Lorsque les juges estiment que la clause de non-concurrence est justifiée mais excessive quant à la nature des activités visées, ils peuvent en restreindre l’amplitude. Ce fut notamment le cas de la clause interdisant au salarié d’une société d’assurances de représenter des sociétés d’assurance-vie, de capitalisation ou d’épargne, de présenter leurs produits au public ou de collaborer avec des courtiers ou des agents généraux d’assurances, qui a été réduite à l’interdiction de démarcher les clients de son ancien employeur.
En contrepartie des restrictions imposées au salarié, la clause de non-concurrence doit prévoir le versement d’une compensation financière. À défaut, la clause est nulle et le salarié serait en droit de ne pas l’appliquer.
Il en est de même lorsque le montant fixé est dérisoire, c’est-à-dire disproportionné aux limitations auxquelles le salarié est soumis. Tel est le cas, par exemple, selon la Cour de cassation, de la contrepartie pécuniaire fixée à 2,4 mois de salaire, alors que l’interdiction de concurrence a une durée de 24 mois.
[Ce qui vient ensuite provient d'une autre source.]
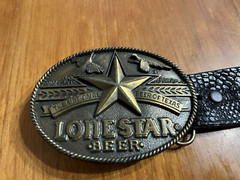 Rare Vintage Lonestar belt buckle and black Justin lizard belt (size 40)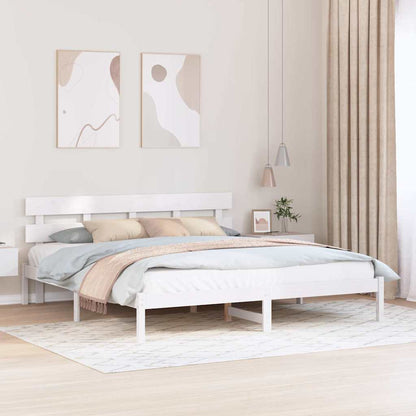 Bettgestell mit Kopfteil Weiß 200 x 200 cm Massivholz Kiefer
En pratique : le montant versé doit être déterminé compte tenu des usages de la profession et des contraintes qui sont imposées au salarié. Il ne peut être inférieur au montant minimal éventuellement prévu par la convention collective applicable à l’entreprise.
Par ailleurs, le versement de la contrepartie financière ne peut être exclu pour certains cas de rupture du contrat de travail : est donc nulle la clause de non-concurrence qui dispense l’employeur de payer cette compensation en cas de démission ou de licenciement pour faute grave.
Aussi, la clause ne peut prévoir de moduler le montant de la contrepartie selon le motif de la rupture. Par exemple, il ne peut pas être minoré en cas de démission du salarié ou de rupture conventionnelle. Dans cette hypothèse, la clause de non-concurrence n’est pas nulle, mais le salarié a droit au montant le plus élevé prévu par cette clause.
Exemple : si le contrat de travail prévoit une contrepartie équivalant à 10 % du salaire en cas de démission et à 25 % en cas de licenciement, alors le salarié perçoit, quel que soit le motif de la cessation du contrat (y compris en cas de rupture conventionnelle), un montant égal à 25 % de sa rémunération.
Enfin, la contrepartie financière doit être versée à partir du moment où la clause de non-concurrence devient applicable, c’est-à-dire lors du départ effectif du salarié.
Attention : la clause qui prévoit une indemnité sous la forme d’une majoration de salaire payée pendant l’exécution du contrat de travail est nulle. Les sommes ainsi réglées sont considérées comme des compléments de rémunération que l’employeur ne peut récupérer.